MAI Creates a System that Will Reduce the Probability of Aircraft Crashes

19 June 2020

MAI Creates a System that Will Reduce the Probability of Aircraft Crashes
The main requirement for aircraft during its design and further operation is to ensure the reliability and safety of piloting by reducing the number of pilot errors.

The team of the "Flight Simulators and Aircraft-Pilot System" research laboratory of Moscow Aviation Institute is engaged in the solution of this problem under the supervision of Prof. Alexander Efremov, Head of the Department 106 "Dynamics and Flight Control of Manned Aircraft".

The result of scientific research was the work “A Way to Create a Methodology for Assessing the Risks of the Human Factor in the Emergency Situation when Piloting an Aircraft”, which was presented at the international youth “Gagarin Science Conference” by Tatyana Voronka, fourth-year student of the MAI School №1 "Aircraft Engineering".

The MAI laboratory analyzed information about 1,200 accidents involving passenger aircraft that occurred between 1980 and 2018, and identified patterns - the percentage of accidents related to pilot error is from 52% to 67% of the total.

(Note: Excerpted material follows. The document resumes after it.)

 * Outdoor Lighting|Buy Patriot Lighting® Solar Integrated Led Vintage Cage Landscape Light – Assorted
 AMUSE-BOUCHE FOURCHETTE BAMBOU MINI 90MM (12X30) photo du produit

Most fatal accidents occur during descent and approach. This stage lasts about five minutes, but it was at that moment that the pilot was most actively involved in the control of the aircraft.



General information about the main causes of flight accidents, the factors that affect the occurrence of accidents, as well as the distribution and frequency of accidents at the stages of the flight (take-off, climb, cruising, descent, approach, landing, departure to the second round, parking) allowed to develop two methods for assessing the development of the emergency risk. The first assesses the risks associated solely with the error of the pilot when all aircraft systems are operating normally. In the second case, risks are assessed with a simultaneous failure of control systems and pilot error.

The methodology is based on the relationship between the probability of an emergency and the average pilot's assessment, identified during experiments at the Alferievo airfield of Moscow Aviation Institute. For this, a special Cooper-Harper Pilot Rating scale was used.



It is believed that in order to improve flight safety, it is necessary to exclude the pilot from active control of the aircraft as much as possible - to turn him into an observer who controls automation. This will reduce the percentage of errors caused by the human factor. However, over the past 25 years, when highly automated passenger aircraft were commissioned, the number of accidents caused by pilot errors has decreased, but the number of accidents caused by automation failures has increased. In addition, the number of accidents caused by the deterioration in the interaction of the pilot with the aircraft increased. That is, the autopilot and the exclusion of the pilot from the flight control loop do not solve the problem of improving flight safety.

Even when flying normally, the pilot is extremely overloaded with information. And the main problem is that in case of automation failure or a failure in the control system, the pilot needs from 4 to 6 seconds to adapt to an emergency situation. Every second of delay can aggravate the development of an emergency. Moreover, the need for manual piloting enhances the stressful situation, which can provoke a decrease in control accuracy and the occurrence of irreversible consequences.

MAI scientists have developed a promising information display system, which under normal conditions increases the accuracy of piloting and reduces the pilot's workload. And if an emergency occurs, the system will provide quick adaptation of the pilot and compensate the loss of piloting accuracy. In order to help the pilot fly the plane, a display is projected onto the windshield that displays the aircraft's trajectory in the form of a three-dimensional corridor with a forecast window. This allows the pilot to see in advance the state of the aircraft, which it will have after some time. The forecast screen also helps to avoid spatial disorientation of the pilot.